Orbital magnetic phase and pure persistent spin current in spin-orbit coupling mesoscopic rings

TL;DR

This paper analytically investigates the ground-state properties of mesoscopic rings with spin-orbit coupling, revealing a novel orbital magnetic phase characterized by pure persistent spin current and self-sustained magnetic flux.

Contribution

It introduces the concept of orbital magnetic phase in mesoscopic rings with spin-orbit coupling, highlighting the coexistence of pure spin current and self-sustained flux, and explores phase transitions induced by system parameters.

Findings

Coexistence of pure PSC and SSMF in one-dimensional rings.

Phase transition between OMP and non-OMP by tuning spin-orbit coupling or electron number.

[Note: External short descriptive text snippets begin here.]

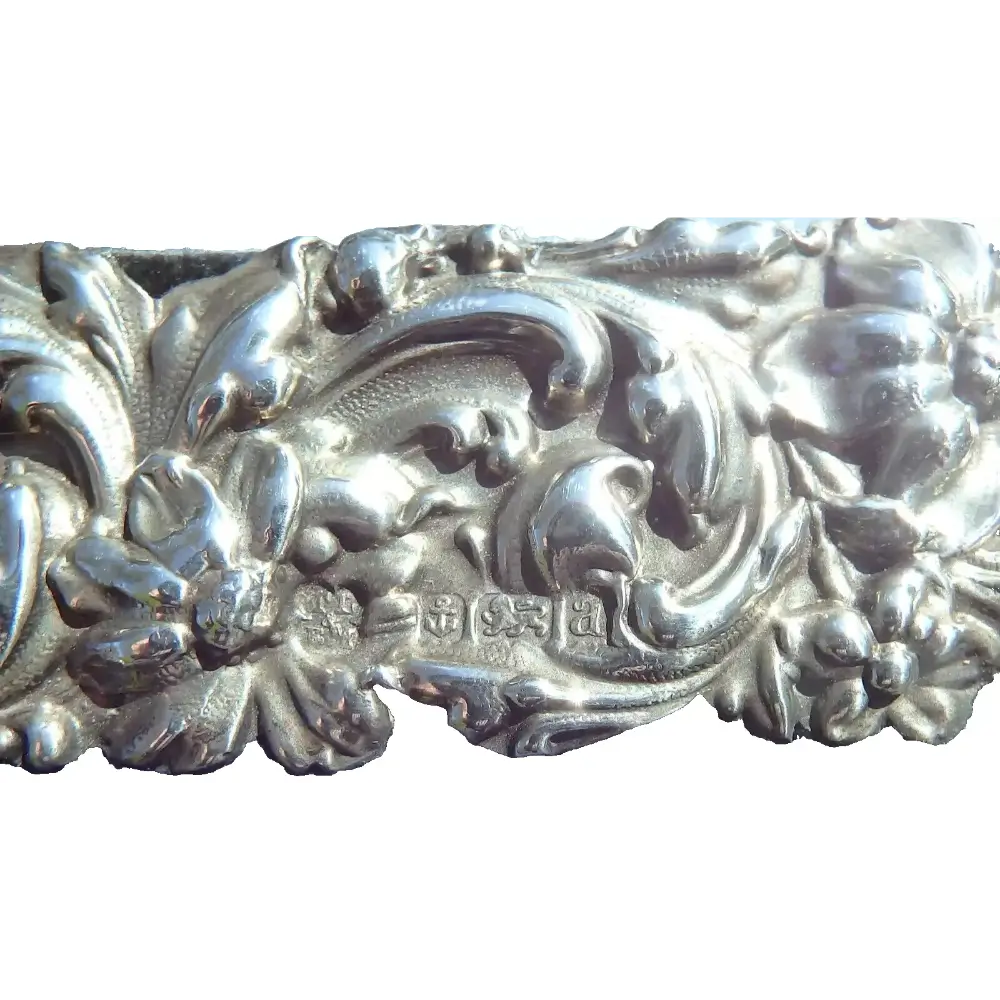 Decorative silver bar with intricate patterns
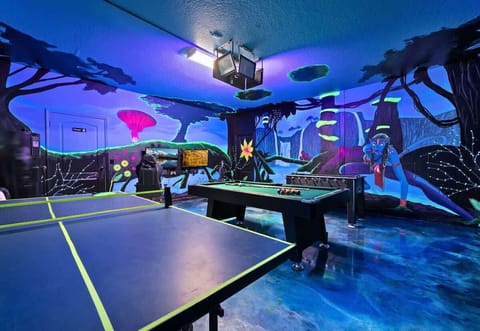 Game Room: Dive into fun with themed decor, pool, foosball, and endless entertainment!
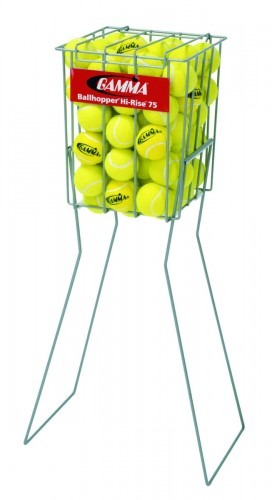Tennis ball hopper filled with bright yellow tennis balls, elevated on legs for easy access during practice or training sessions.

Analytical expressions for ground-state properties including spin polarization and persistent currents.

Abstract

By solving the Rashba model of mesoscopic rings, we give analytically the ground-state properties of the ring, including the spin polarization, the persistent charge and spin currents (PCC and PSC). These ground-state properties can be given based on four kinds of electron numbers in rings. The effect of the self-inductance of the ring leads to the self-sustained magnetic flux (SSMF) and the self-sustained PCC and PSC, which break spontaneously time-reversal symmetry to form orbital magnetic phase (OMP). To tune the spin-orbit coupling strength or electron number of the ring can induce the phase transition between the OMP and non-OMP. For exact one-dimensional rings we find the coexistence of the pure PSC and SSMF. This property of the pure PSC may provide a new scheme to measure the pure PSC.